Members of the Cotton Association of India (CAI) and Maharashtra Cotton Ginners Association ( MCGA) met chief minister Devendra Fadnavis seeking the removal of Agriculture Produce Market Committee (APMC) fees. Pradeep Jain, president, MCGA said the APMC’s charge a market cess of 1.25% of the value of the cotton brought to the market. “So if the value of cotton is Rs 4,500 then the cess comes upto Rs 50 which is not logical at all. Moreover, usually traders factor in the market cess when they make payments to farmers for the cotton purchased from them. So farmers end up getting less money. This kind of cess is not needed.” Industry observers pointed out that market committees do not provide any extra amenities to charge this kind of cess which is a major cost to the ginners. The CM assured the delegation that mandi fees will be withdrawn shortly in the state. Cotton prices at present are around Rs 4,400 per quintal to Rs 4,500 per quintal. Cotton prices in Maharashtra had firmed up after the Gujarat government announced a bonus of Rs 100 per 20 kg for cotton (Rs 500 per quintal) to be paid to farmers. Although cotton prices have not touched the minimum support price ( MSP) levels yet, Maharashtra cooperation minister Subhash Deshmukh has already directed Agriculture Produce Market Committees to commence online registrations of farmers for the purchase of cotton from October 18 for the 2017-18 cotton season.
Cotton MSP has been raised by Rs 160 per quintal to Rs 4,020 per quintal for medium staple cotton and Rs 4,320 per quintal for long staple cotton. CCI and Nafed are the two agencies appointed by the government to extend the necessary marketing support to the cotton growers in selling their cotton produce at the most competitive prices in the various market yards in all cotton-growing states.

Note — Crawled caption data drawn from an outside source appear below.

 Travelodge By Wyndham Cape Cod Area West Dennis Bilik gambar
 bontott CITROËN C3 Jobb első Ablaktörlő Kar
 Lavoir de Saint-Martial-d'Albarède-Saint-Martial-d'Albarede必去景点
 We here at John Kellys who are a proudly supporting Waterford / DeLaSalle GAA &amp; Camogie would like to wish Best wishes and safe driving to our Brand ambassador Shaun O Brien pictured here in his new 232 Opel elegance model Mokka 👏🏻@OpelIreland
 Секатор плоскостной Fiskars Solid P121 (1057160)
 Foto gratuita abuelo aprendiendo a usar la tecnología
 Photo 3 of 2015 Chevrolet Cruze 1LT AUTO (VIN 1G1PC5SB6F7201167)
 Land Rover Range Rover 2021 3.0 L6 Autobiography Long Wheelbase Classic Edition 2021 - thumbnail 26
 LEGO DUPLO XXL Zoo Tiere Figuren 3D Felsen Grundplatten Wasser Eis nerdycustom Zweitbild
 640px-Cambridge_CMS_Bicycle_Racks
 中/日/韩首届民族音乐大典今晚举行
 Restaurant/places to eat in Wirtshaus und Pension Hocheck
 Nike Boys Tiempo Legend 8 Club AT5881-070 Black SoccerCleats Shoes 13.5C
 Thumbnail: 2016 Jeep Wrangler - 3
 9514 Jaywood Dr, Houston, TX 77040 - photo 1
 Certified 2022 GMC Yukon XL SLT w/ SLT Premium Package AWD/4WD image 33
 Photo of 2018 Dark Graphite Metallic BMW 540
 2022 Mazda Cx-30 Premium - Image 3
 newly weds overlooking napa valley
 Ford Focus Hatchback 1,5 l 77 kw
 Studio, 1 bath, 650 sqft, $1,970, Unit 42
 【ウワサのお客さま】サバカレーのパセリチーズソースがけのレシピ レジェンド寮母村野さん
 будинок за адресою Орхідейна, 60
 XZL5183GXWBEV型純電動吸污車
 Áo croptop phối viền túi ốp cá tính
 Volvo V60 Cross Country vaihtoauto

These in turn appoint sub-agencies to procure cotton at the local level as well.
Jain said that cotton prices are unlikely to touch MSP levels until December when arrivals increase. At present, arrivals have commenced in steady numbers to the tune of 25,000 to 30,000 bales a day. With India expecting cotton production of 400 lakh bales this season (October 2017 to September 2018), the Cotton Corporation of India should procure at least 100 lakh bales during the peak arrival months so that prices remain stable, said J Thulasidharan, president of Indian Cotton Federation.
In a memorandum to the Prime Minister, Thulasidharan said that according to the International Cotton Advisory Committee, cotton production is expected to be 75 % in surplus during the current year globally. This is likely to impact prices, especially for farmers in the country. In India, most of the arrivals will be between November 2017 and February 2018. There might not be sufficient buyers in the market during this period and only those who have financial resources will buy cotton in bulk. There are possibilities of more exports too. In order to ensure that farmers get remunerative prices, CCI should step in and buy 100 lakh bales during the peak season, Thulasidharan had said recently.
As per ministry of agriculture, cotton had been sown on 111.55 lakh hectares till July 28, as against 92.33 lakh hectares for the same time last year, indicating an increase of close to 21 % in the acreage.Maharashtra has registered kharif cotton sowing of over 38.47 lakh hectares, while in Gujarat the area stood at 25.84 lakh hectares.